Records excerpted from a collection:
....

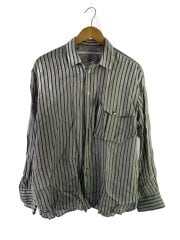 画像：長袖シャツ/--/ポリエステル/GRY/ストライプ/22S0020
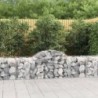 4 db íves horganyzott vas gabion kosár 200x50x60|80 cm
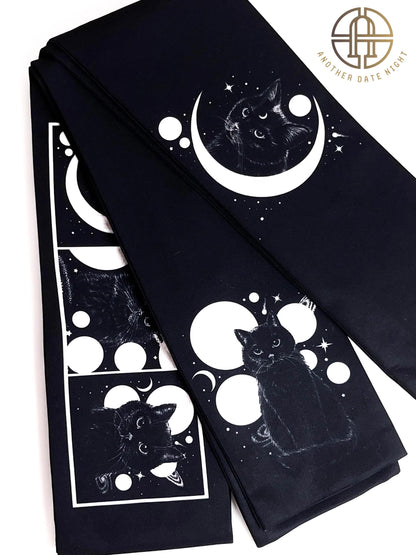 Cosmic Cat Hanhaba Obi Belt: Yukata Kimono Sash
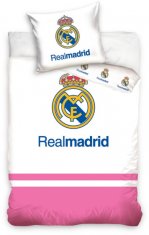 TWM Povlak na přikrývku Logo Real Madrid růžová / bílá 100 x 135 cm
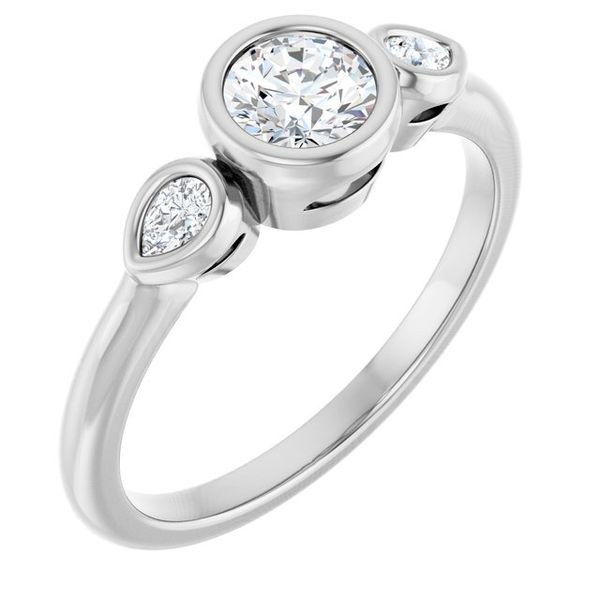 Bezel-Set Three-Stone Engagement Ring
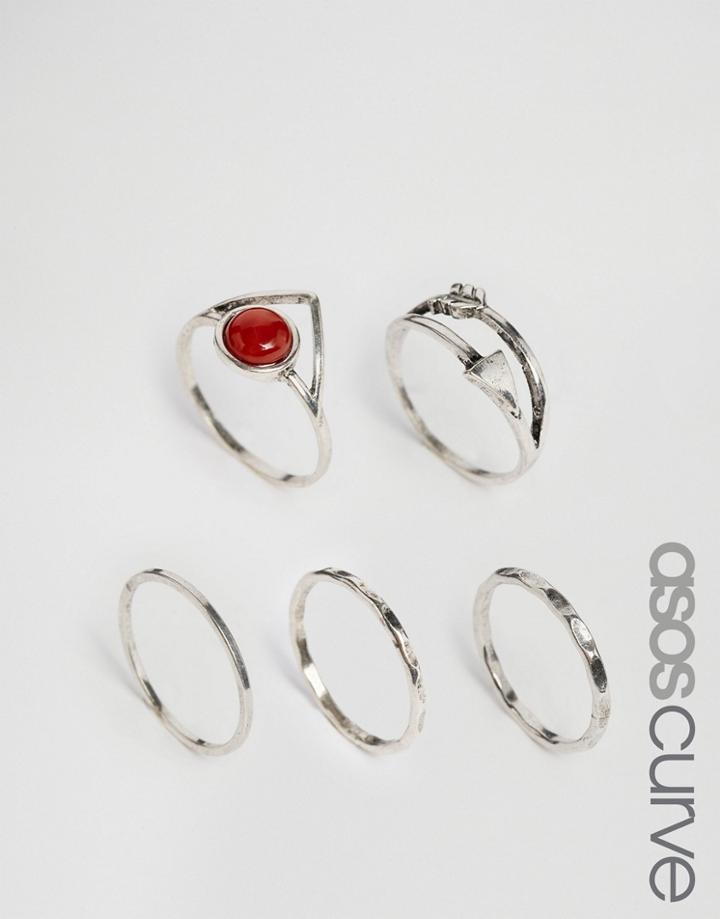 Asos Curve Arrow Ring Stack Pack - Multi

....

PROBLEM: A verbatim copy is needed of the lines running from the line with "Bezel-Set Three-Stone Engagement Ring" to the end of the data above, both included. Keep the pictures out of it.

COMPLETED EXERCISE:
 Bezel-Set Three-Stone Engagement Ring
 Asos Curve Arrow Ring Stack Pack - Multi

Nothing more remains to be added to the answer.